Disabling features in the name of progress

Alas, poor uBlock, we hardly knew thee

The Manifest rulesets outline the way Google’s world-eating browser interacts with extensions — essentially the only things that give users significant control over their web-surfing experience. The V3 standards hit the popular software years ago, but V2-complaint extensions did and do remain functional in Chrome’s public release.


In an entirely expected and roundly denounced move, Google has begun testing the complete deprecation of Manifest V2 extensions in its super-ultra-early Chrome test build. Called Chrome Canary, it’s partly used to ensure subtle changes don’t outright kill the program — hence the name.

Ad blockers have been among the most-used extensions since broadband became widespread-enough to spare some bandwidth for flashing, animated, annoying ads sprinkled throughout every page. Fundamental changes within the Manifest V3 rules mean the most powerful of those, including long-time crowd favorite uBlock Origin, simply won’t work once Manifest V2 breathes its last.


Let the funeral march begin

If only Chrome hadn’t been getting worse for a while

A Pixel 6 with Firefox showing the bottom toolbar.

Ad blockers still work in the public version of Chrome, but like all of ours, their deaths will come surely if not swiftly.
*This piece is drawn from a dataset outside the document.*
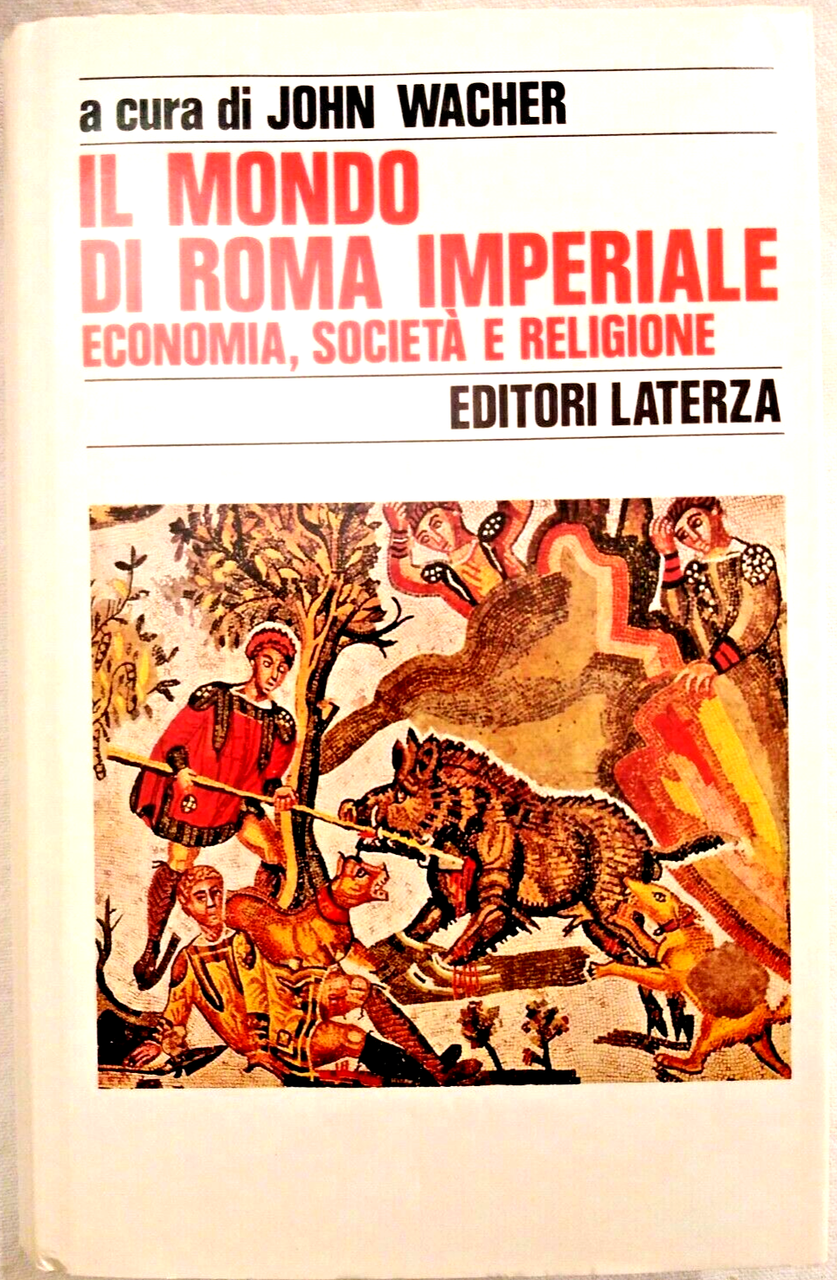 IL MONDO DI ROMA IMPERIALE John Wacher 1989 Editore Laterza …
Manifest V2 extensions have been “unsupported” in Chrome Canary since June, but a custom flag let you disable the disabling and turn your aging, lifesaving extensions back on. But that flag has disappeared from the latest Canary release, and the funeral dirge has begun to play. It’s only a matter of time before you can’t block most ads on the Chrome browser.
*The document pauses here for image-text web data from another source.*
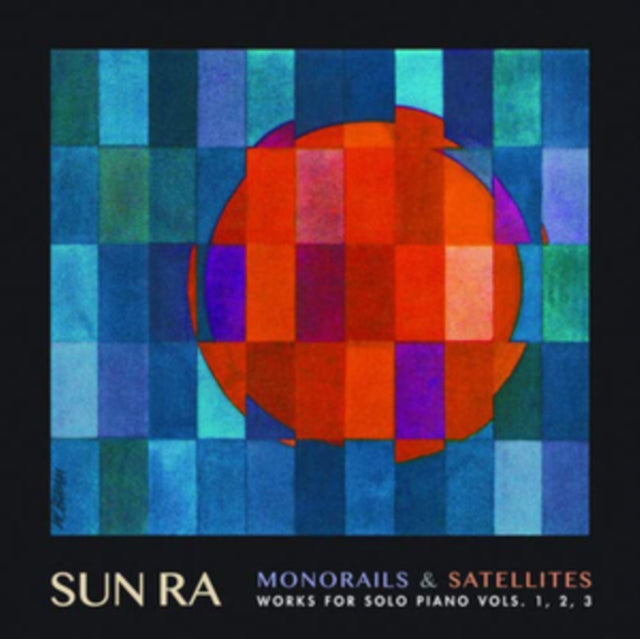 SUN RA | MONORAILS & SATELITES: WORKS FOR SOLO PIANO V. 1-3 | VINYL RECORD (LP)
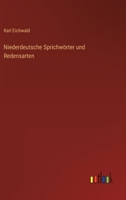 Niederdeutsche Sprichwörter und Redensarten 3368453335 Book Cover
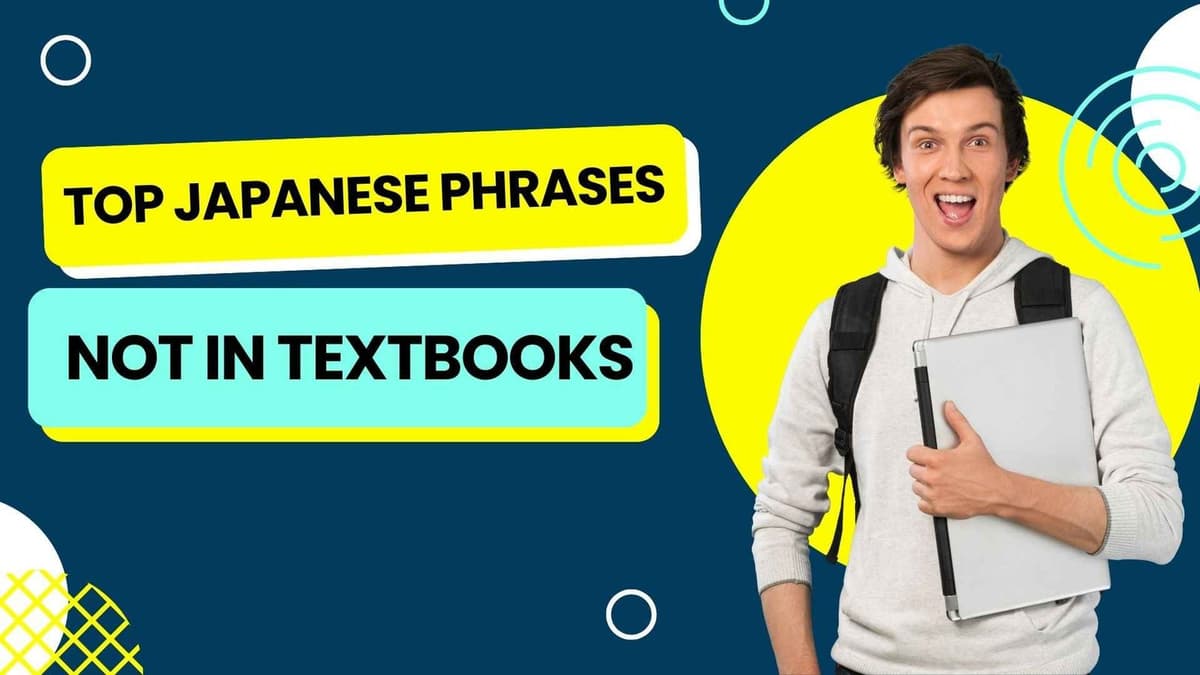 Top Japanese Phrases Not in Textbooks: Words Locals Use Daily You Must Know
While there may not be hope, there is cope: Power users and novices alike have decried Chrome’s various UI changes over the last couple of years, a remembrance that takes away some of the sting. Despite lightning-quick rendering and nearly universal compatibility across regions, interface changes like the barely distinguishable active vs. background tab colors make it less painful to abandon Google’s internet portal. In other words, it’s a better time than ever to switch to Firefox, the free, open-source browser that at least gives you the freedom to surf the web the way you want.